Instructions for the task - The expected output is each line from the one containing "88 Draper'S Street, Welland, ON" to the last line of the data below, set down exactly, minus the pictures.

*** Opening of Given data ***

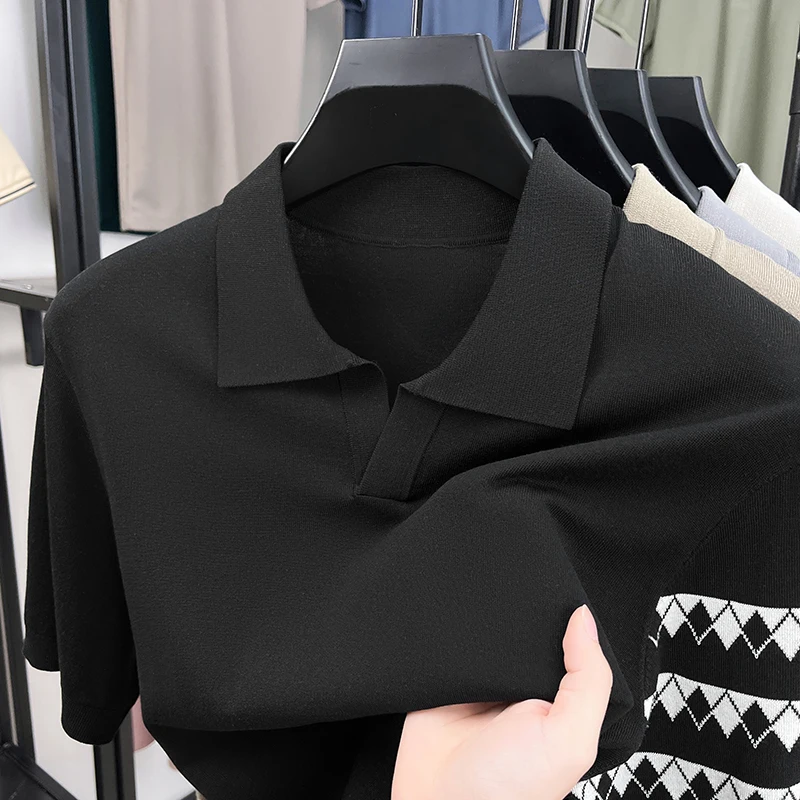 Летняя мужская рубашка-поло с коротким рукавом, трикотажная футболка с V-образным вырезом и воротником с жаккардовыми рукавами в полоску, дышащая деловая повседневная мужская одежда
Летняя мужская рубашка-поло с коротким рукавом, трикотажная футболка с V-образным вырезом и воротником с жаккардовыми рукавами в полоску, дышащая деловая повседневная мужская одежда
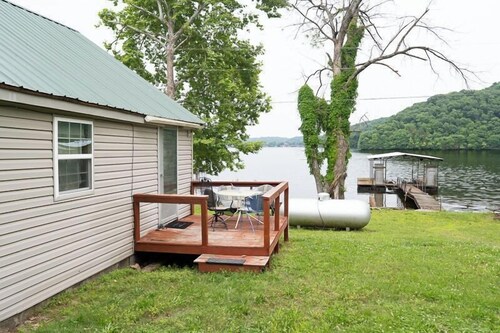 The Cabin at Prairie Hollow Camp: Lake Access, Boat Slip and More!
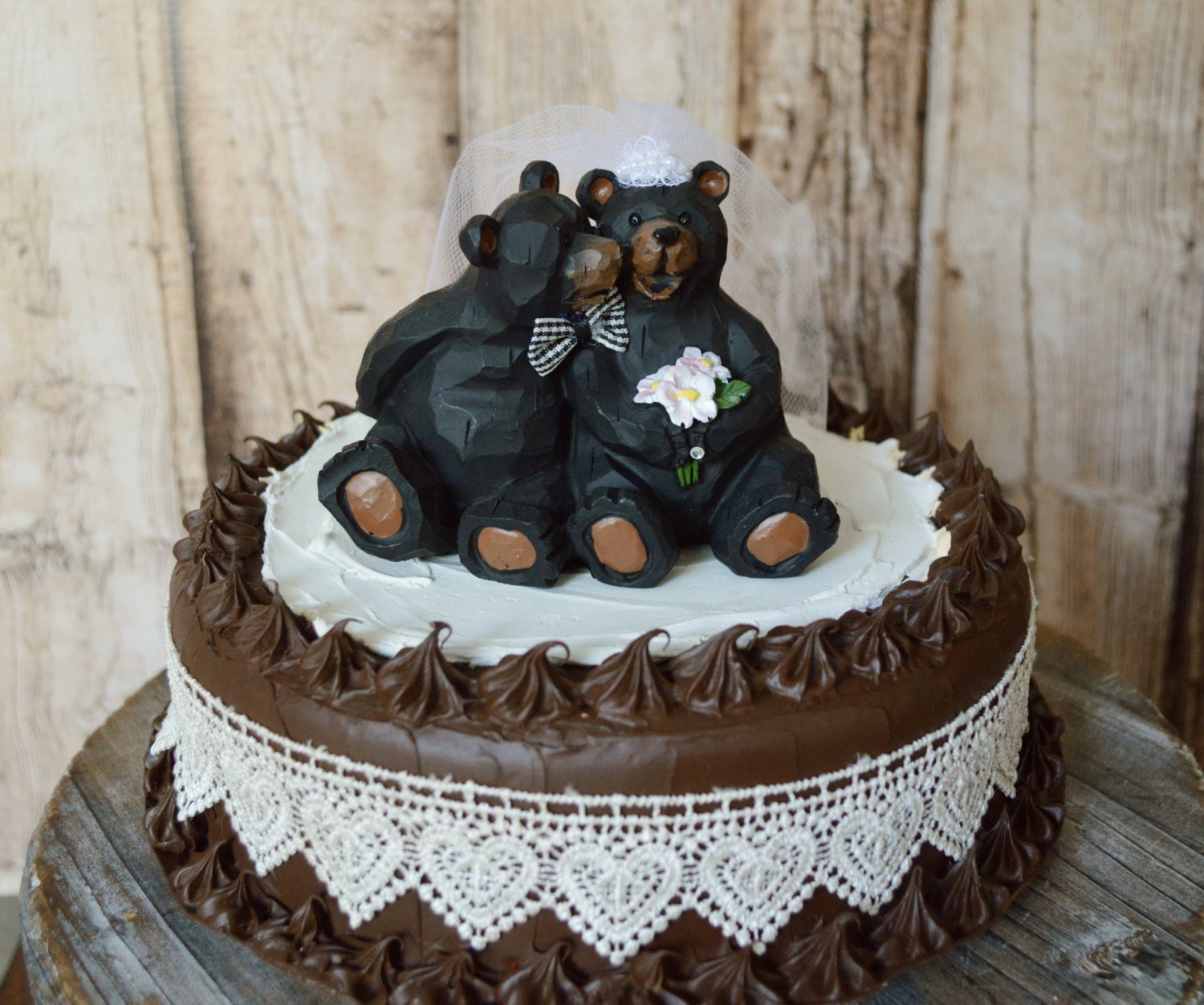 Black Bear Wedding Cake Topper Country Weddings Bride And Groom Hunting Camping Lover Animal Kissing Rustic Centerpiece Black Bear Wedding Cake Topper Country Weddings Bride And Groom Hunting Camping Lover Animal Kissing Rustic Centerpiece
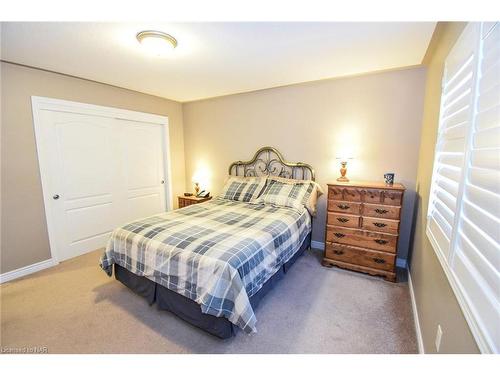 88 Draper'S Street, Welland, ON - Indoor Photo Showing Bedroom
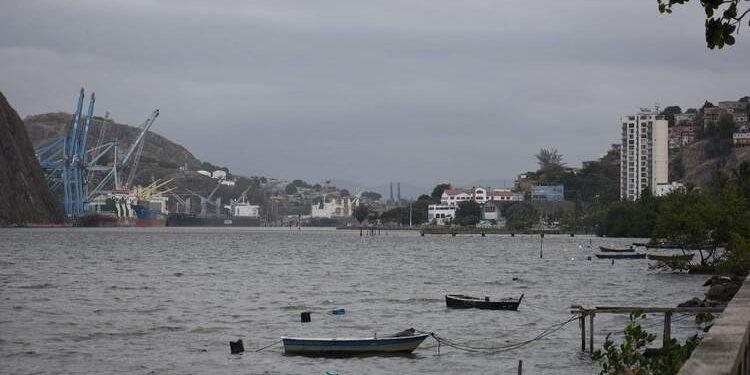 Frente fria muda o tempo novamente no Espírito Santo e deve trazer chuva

*** Close of Given data ***

Answer below -
 88 Draper'S Street, Welland, ON - Indoor Photo Showing Bedroom
 Frente fria muda o tempo novamente no Espírito Santo e deve trazer chuva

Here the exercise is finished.